• The problem
Across the entries below, how many lines have the string "mujer" in them? Reply with only the number.

(Crawled caption data)
- - -

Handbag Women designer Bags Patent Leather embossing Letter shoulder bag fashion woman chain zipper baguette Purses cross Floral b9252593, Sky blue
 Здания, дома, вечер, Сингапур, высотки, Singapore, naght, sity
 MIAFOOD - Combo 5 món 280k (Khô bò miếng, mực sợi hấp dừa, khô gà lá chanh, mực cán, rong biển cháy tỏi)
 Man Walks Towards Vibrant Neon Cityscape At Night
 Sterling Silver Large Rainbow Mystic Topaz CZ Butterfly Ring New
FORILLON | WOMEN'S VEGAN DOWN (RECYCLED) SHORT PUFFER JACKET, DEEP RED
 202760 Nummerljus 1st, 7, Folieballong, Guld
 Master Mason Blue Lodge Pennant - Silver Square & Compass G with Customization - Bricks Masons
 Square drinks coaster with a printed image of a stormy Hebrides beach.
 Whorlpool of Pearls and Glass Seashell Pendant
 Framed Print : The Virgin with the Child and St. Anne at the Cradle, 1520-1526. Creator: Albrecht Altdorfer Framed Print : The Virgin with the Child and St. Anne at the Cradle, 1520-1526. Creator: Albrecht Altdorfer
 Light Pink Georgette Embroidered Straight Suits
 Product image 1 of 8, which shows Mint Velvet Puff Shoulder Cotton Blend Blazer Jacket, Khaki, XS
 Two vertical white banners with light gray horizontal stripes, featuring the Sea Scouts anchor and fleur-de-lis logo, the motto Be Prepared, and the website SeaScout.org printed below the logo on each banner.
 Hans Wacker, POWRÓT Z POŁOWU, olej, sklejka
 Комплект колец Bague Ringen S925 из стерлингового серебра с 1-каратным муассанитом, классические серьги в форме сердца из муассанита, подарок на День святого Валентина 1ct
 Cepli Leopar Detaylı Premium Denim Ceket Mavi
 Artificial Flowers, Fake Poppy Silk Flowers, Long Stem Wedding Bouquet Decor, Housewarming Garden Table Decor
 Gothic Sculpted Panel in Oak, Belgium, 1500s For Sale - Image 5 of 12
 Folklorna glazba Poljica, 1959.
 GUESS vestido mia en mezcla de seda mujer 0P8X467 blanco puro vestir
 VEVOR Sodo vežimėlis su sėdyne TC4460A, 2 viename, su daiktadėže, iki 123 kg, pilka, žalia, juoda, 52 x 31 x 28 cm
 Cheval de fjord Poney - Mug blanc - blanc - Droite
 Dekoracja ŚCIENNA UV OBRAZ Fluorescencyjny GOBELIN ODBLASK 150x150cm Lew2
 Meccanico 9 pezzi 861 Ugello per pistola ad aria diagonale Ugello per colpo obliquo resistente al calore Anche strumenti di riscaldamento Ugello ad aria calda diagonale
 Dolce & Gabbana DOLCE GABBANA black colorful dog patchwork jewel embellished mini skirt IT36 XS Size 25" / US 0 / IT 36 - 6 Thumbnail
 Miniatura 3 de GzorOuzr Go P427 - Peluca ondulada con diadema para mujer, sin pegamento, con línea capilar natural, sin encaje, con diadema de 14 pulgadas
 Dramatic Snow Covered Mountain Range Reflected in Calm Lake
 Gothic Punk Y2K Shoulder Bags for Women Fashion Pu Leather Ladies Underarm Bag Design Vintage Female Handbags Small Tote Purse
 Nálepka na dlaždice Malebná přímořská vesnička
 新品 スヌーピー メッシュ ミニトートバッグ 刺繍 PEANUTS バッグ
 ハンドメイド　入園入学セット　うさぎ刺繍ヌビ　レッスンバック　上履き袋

- - -

• Final answer
2